Fast forward some years. I’ve got many weddings underneath my belt now, many portraiture assignments and a jolly lot of commercial work. It’s taken a lot of hard work!!! I don’t just do this to make a quick buck. I do it because I absolutely thrive off this industry. Times can be tough but they are never boring. I love the creative process, love meeting new peeps and planning a photo session and coming up with ideas that are personal to the people I am working with. My work process is to give something ’soul’ to give it ‘depth’…to give it feeling. It’s not just about taking pictures, it’s about crafting beautiful memories.

I’ve been in a few magazines over the past couple of months and I’m about to be in another one - all shall be revealed. I’m also about to shoot a front cover of another magazine, exciting times ahead. I do a lot of prep work with my photography assignments and I don’t do that many over the course of a year. We (Andy and I) try to put quality over quantity every single time.

Hope you’ve enjoyed reading this little insight into how I tick/have ticked/and am ticking into the future. If I could give any advice to photographers just starting up, it would be this:

Be humble…always


Stop…and smell the roses.

AM : I've watched you during this time and seen the impact on not only you but your photography too. However, there is one thing that I don't really think you highlighted here, maybe because others see it more than you, and that is your enduring spirit. Your positivity and energy has been, and continues to be, a light in the deepest of dark.

You covered many a topic too. From the ways of learning about photography you've tried, to the people who have made an impact on your life, past and present. You mention that a movie about Temple Grandin helped you to be......well, you. Allowing you to accept the way that you see the world, you've now turned this into a talent in the way that you express the world through your photography.

It was Brian who first opened the door to you for wedding photography and now Andy, who tends to be your second shooter. I may have to chat to him sometime and learn his story too as he is a talented landscape photographer. Anyway, back to you and I'm going to pick up on a point you made towards the end. That bit about what you do is to bring "soul" and "depth" to your images.

For me this is the key to a lasting image and to do it means that you have to invest a part of yourself in the process of making the photograph.

Are you able to describe how you go about doing this? What is it that you're looking for or which triggers the idea of the image and then how do you develop the idea? Is it instinctive or planned?

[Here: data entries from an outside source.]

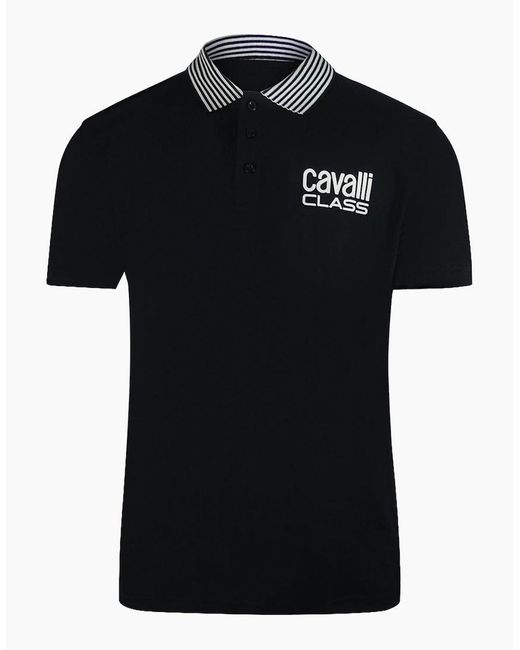 Roberto Cavalli Black Cavalli Class Striped Collar Polo Shirt for men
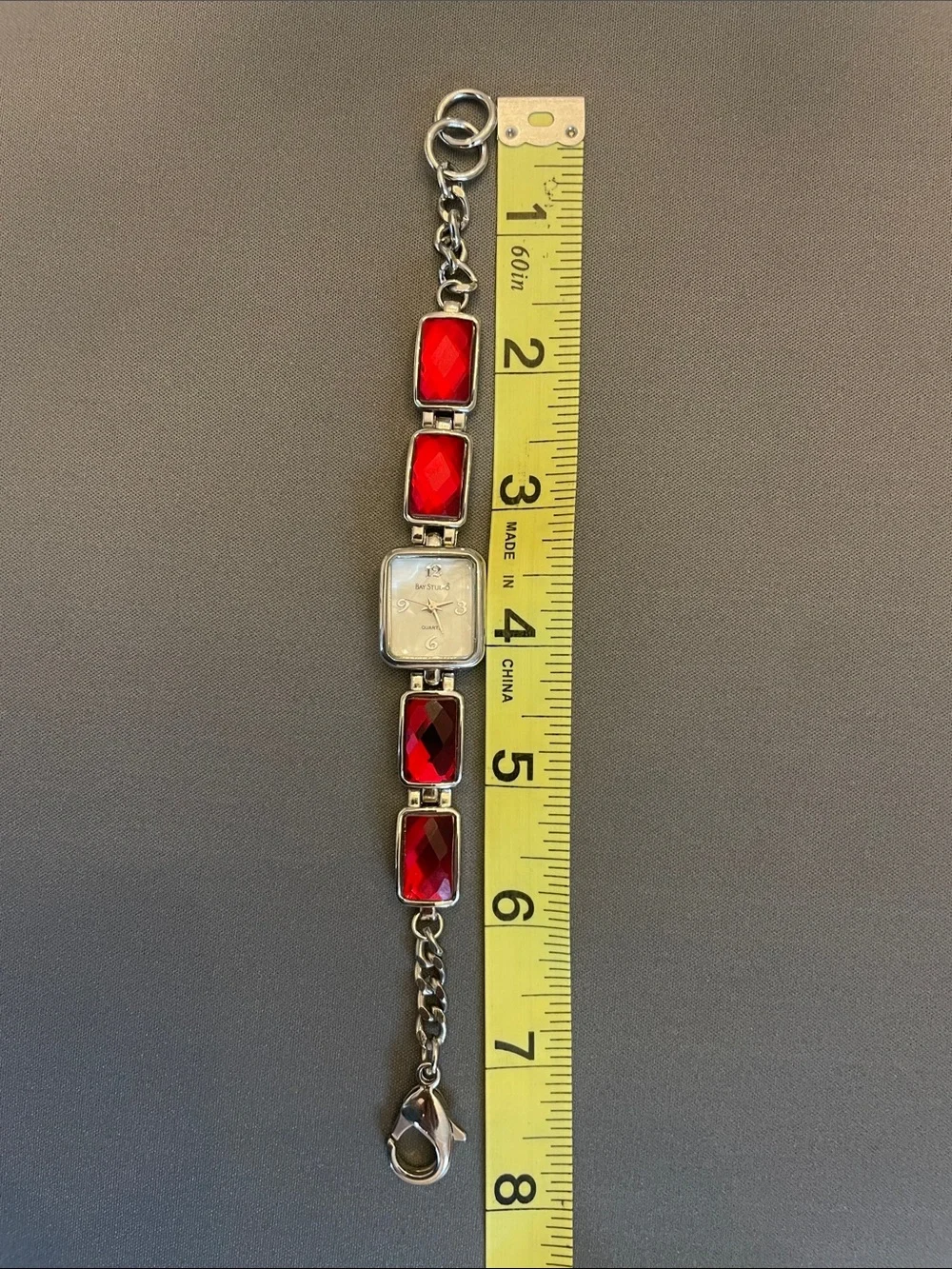 Vintage Bay Studio Silver-Tone Bracelet Watch with Red Faceted Stones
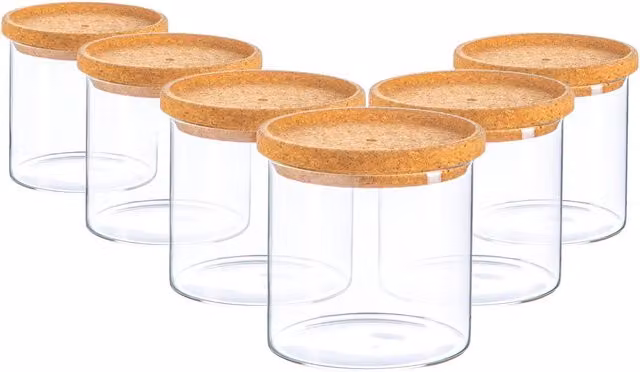 Argon Tableware Scandi Storage Jar with Cork Lid, Transparent and White, 0.55 l, Pack of 6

NB : A good friend of mine said to me the other day about the amount of prep work I do for each photography shoot and she said she didn’t know of another who did that much. Personally, I don’t believe for a moment that I’m the only one who does my ‘homework’ though. I’ve got wedding, portraiture and commercial clients and each have their own quirks, ideas and stories to tell ( i especially like this bit). I think in order to capture a person/persons well, you have to know stuff about them, personal things which when they talk about them, their eyes light up, they have passion, they have emotion. I try to capture that by putting a spin on it creatively.

For example, I’ve just done a big commercial shoot. The brief was ‘quirky in the care industry environment’ To me, these subjects jarred, they didn’t sit well, so I asked for more info. The client then told me about some personal stories of their clients, about how they lived, comical escapades they had come across and unusual occurrences. As soon as I had this information, not only could I picture the scenarios but I could design a ‘mind map’ on my laptop and then send my collective ideas to the client explaining how I would photograph her clients. The point is, I needed the personal insights. If I had not pushed for info and she’d not helped me with these stories, my photos would had been soulless, with no ideas and no feelings either way.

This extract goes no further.